Activity:
Once the images are set aside, print the remaining lines below exactly.

Collected material:
*** Begin section ***
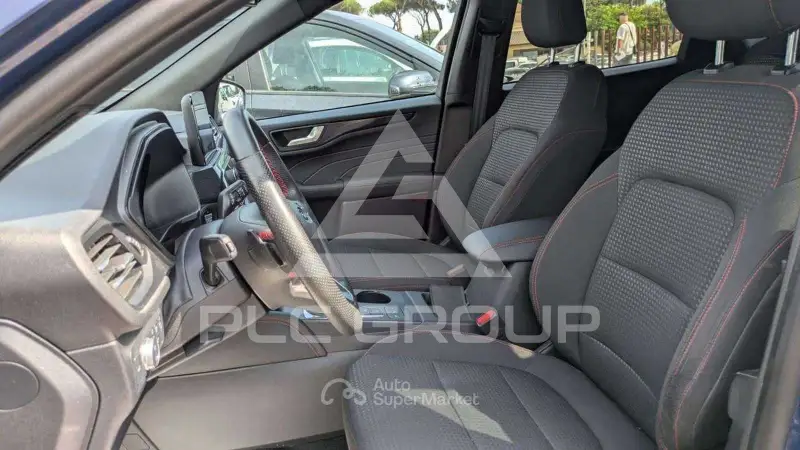 2022 Ford Kuga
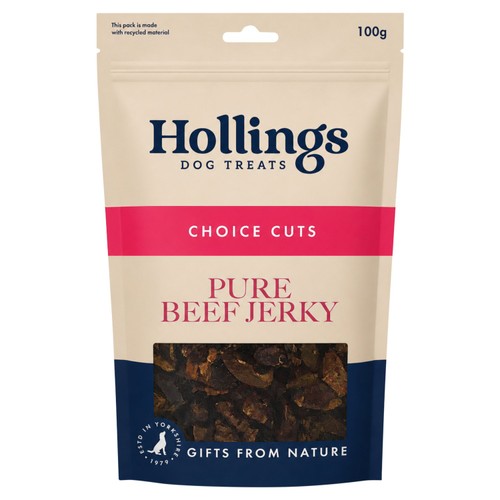 Hollings Pure Beef Jerky
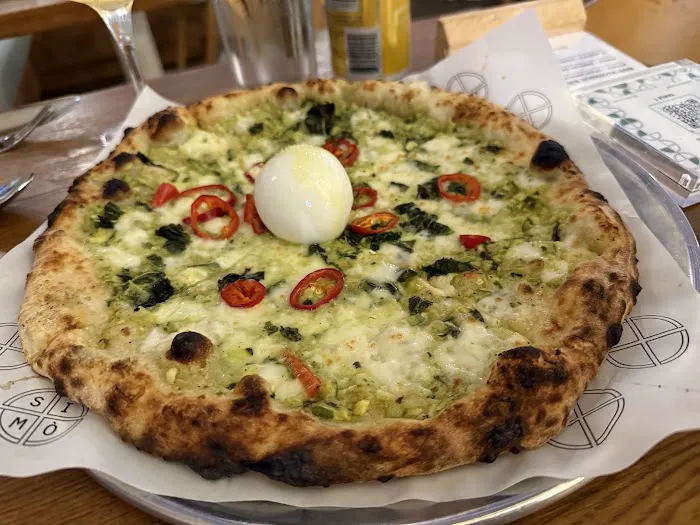SIMÒ PIZZA - UNIVERSITY Picture 3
*** End section ***
Task result:
 2022 Ford Kuga
 Hollings Pure Beef Jerky
SIMÒ PIZZA - UNIVERSITY Picture 3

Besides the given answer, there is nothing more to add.